ある種の感染症にかかると、体の中に抗体が作られ、その後は当該細菌やウイルスが体内に侵入しても罹患しなくなったり、罹患しても軽くて済むことがあります。こうした免疫の仕組みを利用したものが予防接種です。あらかじめワクチンを体内に投与しておくことにより、自然の免疫と同じような効果が期待できるのです。

当院で行える主な予防接種

インフルエンザワクチン 肺炎球菌ワクチン 麻疹・風疹ワクチン 帯状疱疹ワクチン

インフルエンザ

冬に大流行することもあるウイルス性の呼吸器感染症であり、感染した人のくしゃみや咳で飛び散った飛沫を吸い込むことで罹患します。人から人への感染力が強く、「流行性感冒」とも呼ばれます。
特に、集団で行動することの多い学校や職場、高齢者施設などでは、一度に多くの人へと感染することもあるので事前の対策が重要となります。

インフルエンザワクチン

インフルエンザを予防する手段として、特に有効とされているのがワクチン接種です。接種してから予防効果が出るまでに約2週間かかりますが、その効果は約5か月間持続します。通常、12月~翌年3月頃の寒い時期に流行していますので、その前に予防接種を受けるよう心がけてください。家庭内で感染しないよう家族全員で接種するとより効果的です。

杉並区では高齢者を対象に、インフルエンザ予防接種一部公費負担をしています。杉並区ホームページをご参照ください。
https://www.city.suginami.tokyo.jp/guide/kenko/yobouseshu/1004808.html

なお、インフルエンザウイルスは突然変異を繰り返すことが多いので、毎年、その年の流行型を見極めてワクチンが準備されています。

肺炎球菌感染症

肺炎球菌という細菌が引き起こす病気の総称です。代表的な疾患は肺炎ですが、菌血症、髄膜炎といった重篤な侵襲性肺炎球菌感染症を引き起こすことがあります。鼻腔や咽喉頭に肺炎球菌を保有している方の鼻汁、たんなどに細菌が含まれており、この細菌が口から気管支、肺に入り込むことによって感染が広がっていきます。

肺炎球菌ワクチン

肺炎球菌による肺炎、侵襲性肺炎球菌感染症などの感染症を予防し、重症化を防ぐには、ワクチン接種が重要となります。近年は、抗菌薬の耐性化によって治療が困難な症例が増加していますので、ワクチンによって事前に感染リスクを下げておくようにして下さい。通常65歳以上の高齢者に5年に一回接種します。

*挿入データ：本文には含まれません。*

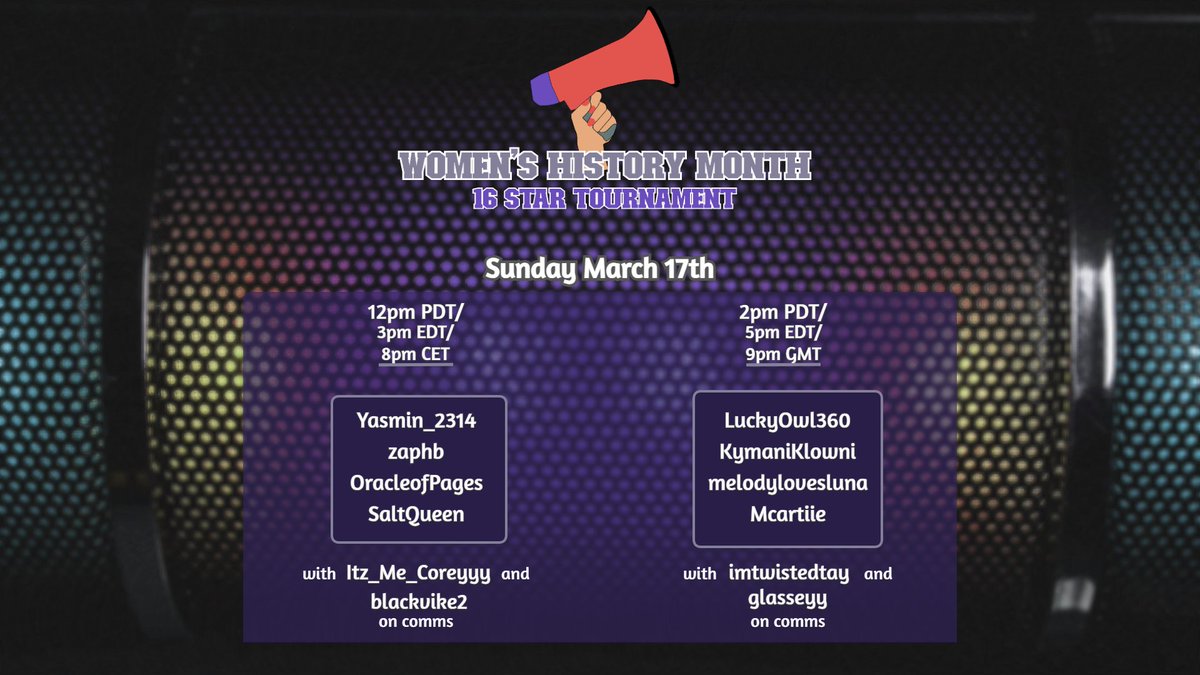 This weekend we are completing the last two pre-bracket matches. These matches are going to be crazy, with ridiculously close PBs, top two will make it out of each match and be reseeded into bracket. I'm expecting a lot of lead switching in these matches, anyone could move on!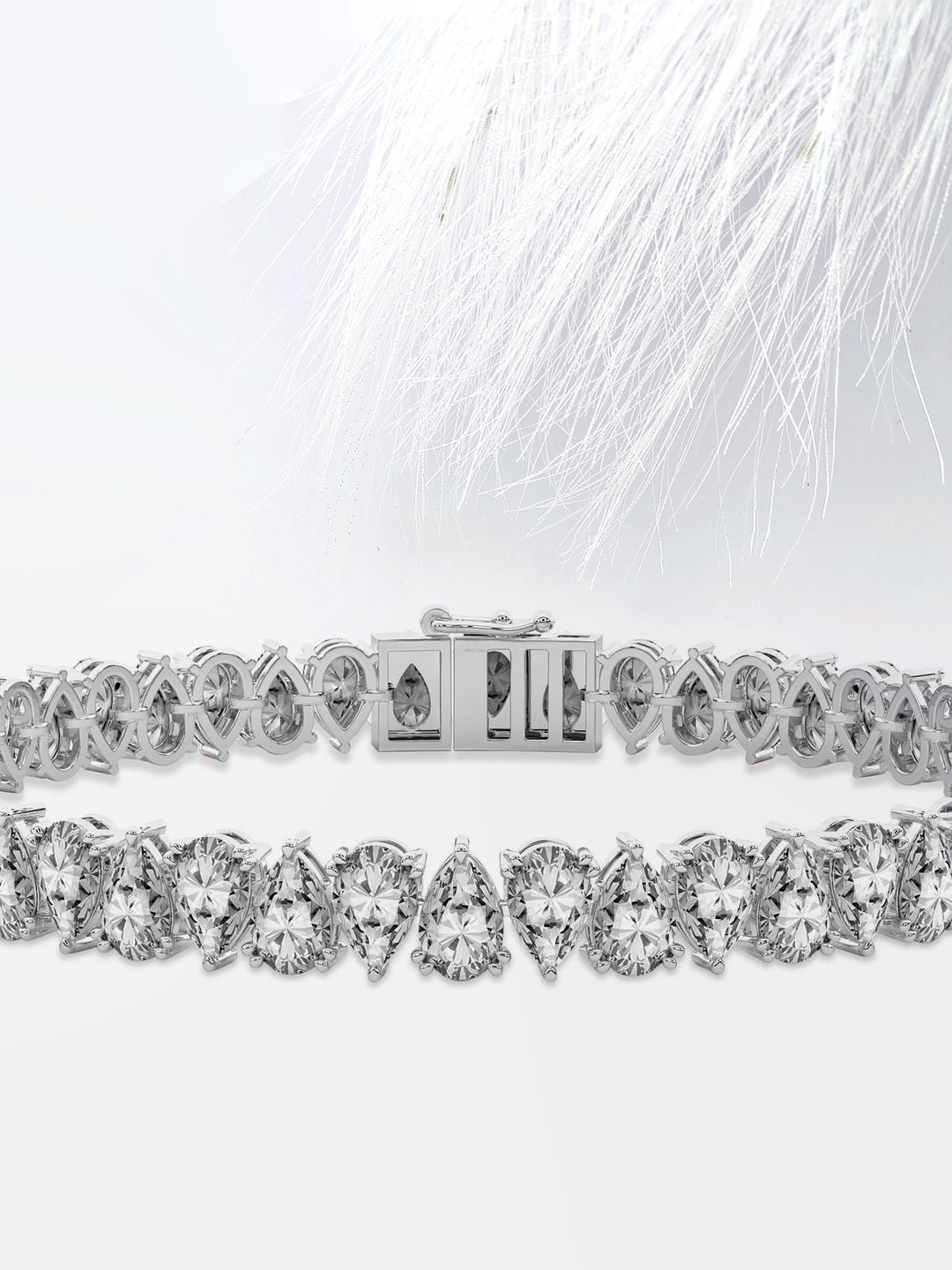 10ct Pear Cut Tennis Moissanite Diamond Bracelet For Women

高齢者肺炎球菌予防接種は国の定期接種に含まれ、杉並区では予防接種の一部公費負担をしています。杉並区ホームページをご参照ください。
https://www.city.suginami.tokyo.jp/guide/kenko/yobouseshu/1004809.html

風疹

風疹に感受性のある妊婦が妊娠20週までに風疹ウイルスに感染すると、出生児が先天性風疹症候群を発症することがあります。風疹には特異的な治療法がなく、先天性風疹症候群予防のため、麻疹風疹混合(MR)ワクチン、風疹ワクチンの接種歴が2回以上ない場合、または検査で確定された風疹罹患歴がない場合には予防接種が推奨されます。特に女性は非妊娠期に2回の予防接種が推奨され、接種後2か月間の避妊が必要です。

麻疹風疹(MR)ワクチン

杉並区では先天性風疹症候群予防のため、風疹抗体検査と予防接種の費用を助成しています。杉並区ホームページをご参照ください。
https://www.city.suginami.tokyo.jp/guide/kenko/yobouseshu/1004811.html

帯状疱疹

神経に潜伏感染している水痘・帯状疱疹ウイルスが、疲労やストレスなどによる免疫能低下によりウイルスが再活性化し皮膚がピリピリする神経痛様の痛みを伴った帯状の水疱、丘疹で発症します。帯状疱疹後神経痛、ウイルス性角膜炎や髄膜炎(まれ)などの合併症を防ぐため早期に抗ウイルス薬で治療します。

帯状疱疹ワクチン

帯状疱疹の予防のためのワクチンで50歳以上の方に2か月間隔で2回接種します。